**Your task**
Please reproduce exactly, and only, the lines from the one with "色情视频聊天 angelo4ek18" through the last line of the listing below, both ends included, leaving out the pictures.

**Data**

------------------------

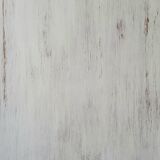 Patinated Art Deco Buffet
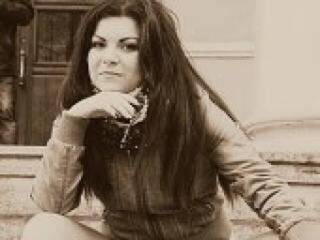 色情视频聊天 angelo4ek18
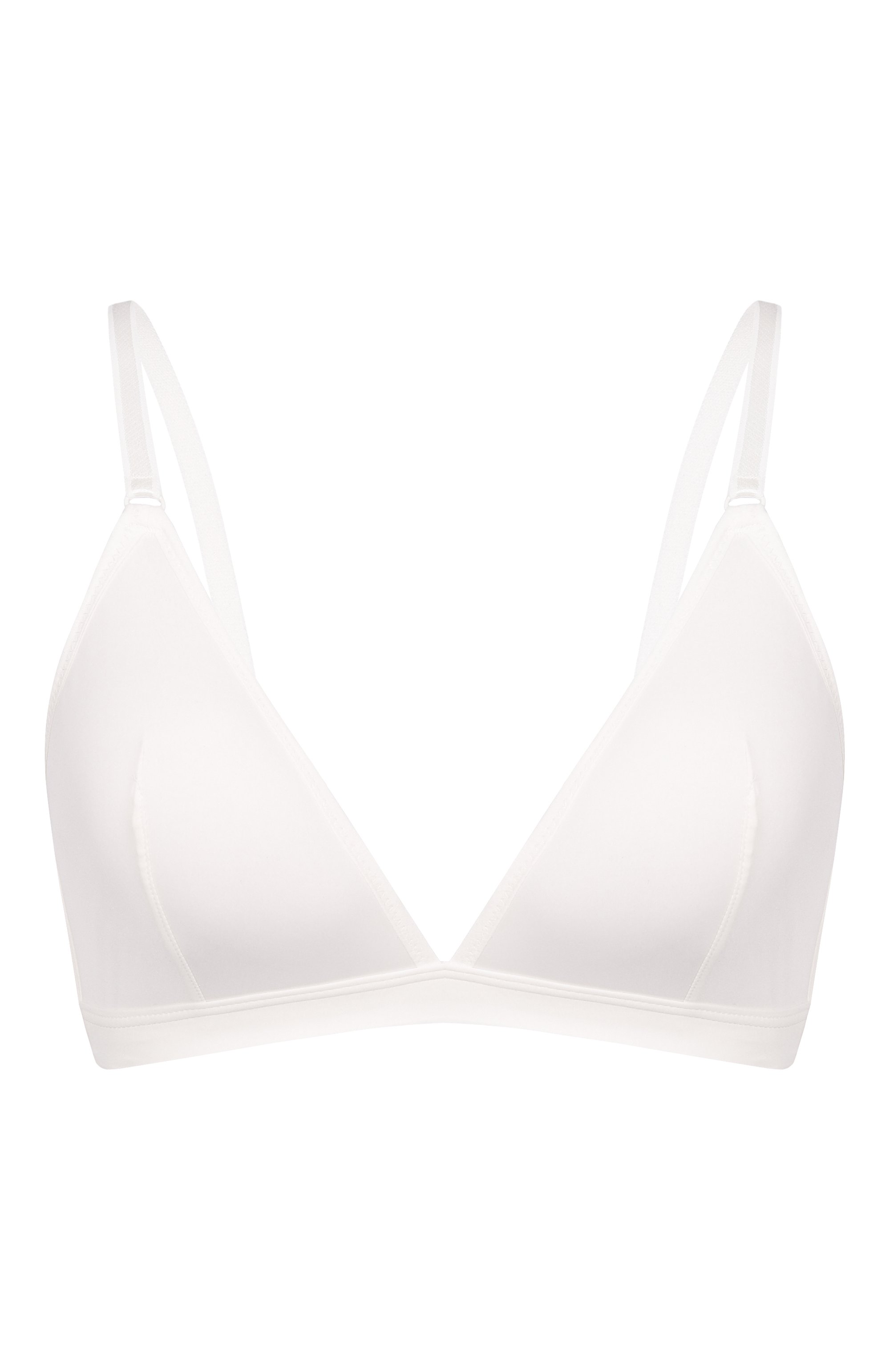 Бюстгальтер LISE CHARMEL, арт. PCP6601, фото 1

------------------------

**Written answer**
 色情视频聊天 angelo4ek18
 Бюстгальтер LISE CHARMEL, арт. PCP6601, фото 1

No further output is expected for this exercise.